It depends. If it is purely for rough visualisation / artistic purposes, I’d say it is fine to use averaged ODFs from subject-specific response functions.
When response functions are estimated from the data, one reason for using a single response function is to fix the basis with which the signal is deconvolved across all images so that we can focus on analysing the coefficients (ODFs), without the need to also take the subject-specific ODFs into account. Your question really boils down to what you want your template to represent. If you are after the group-average density then you’d need to measure each data point (subject) using the same units.
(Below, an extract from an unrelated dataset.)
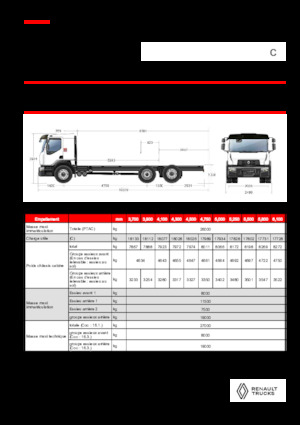 Telaio rigido Renault C CAB2300 460 6X2 R E6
As an example, two images could very well have different WM RFs due to genuine signal differences in single fibre WM voxels, for instance, caused by pathology. When you deconvolve the DWI signal using the respective subject-native RFs you might end up with identical ODFs as the difference in the signal could be captured by the different RFs. If you used the average of both response functions, you would most likely see a difference in the ODFs due to the difference in signal (be it differences in tissue density or other effects) that now needs to be explained by a difference in the ODFs. Note that it does not necessarily need to be the average response function of all subjects but a common representative response function (see here) but averaging is unbiased towards specific subjects and can average out uncertainty in the parameters. If your response function estimation is not robust or you are interested in ODFs wrt to a certain population, you might be better off using a subset of the RFs.
For tracking (and filtering) in template space the same holds, you’d want to have a sensible well-defined measure of density.
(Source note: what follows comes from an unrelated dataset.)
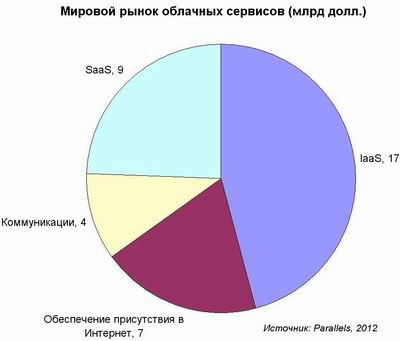 Облачные сервисы, рынок, Parallels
A scenario where you might not end up using a single response function is when you have reasons to believe that subject-specific response functions are more representative of the quantity you are interested in than a single (group-average) response. This is very rarely the case but we used subject-specific response functions to derive ODFs used for multi-contrast registration in neonatal data as group-average RFs would have biased tissue boundaries (link). I’d say this is an exception to the rule.
If you want to dig deeper and get some more context, have a look at Daan Christiaen’s (i.e. section 2.4.2) or Maxime Descoteaux’ (i.e. chapter 9) theses.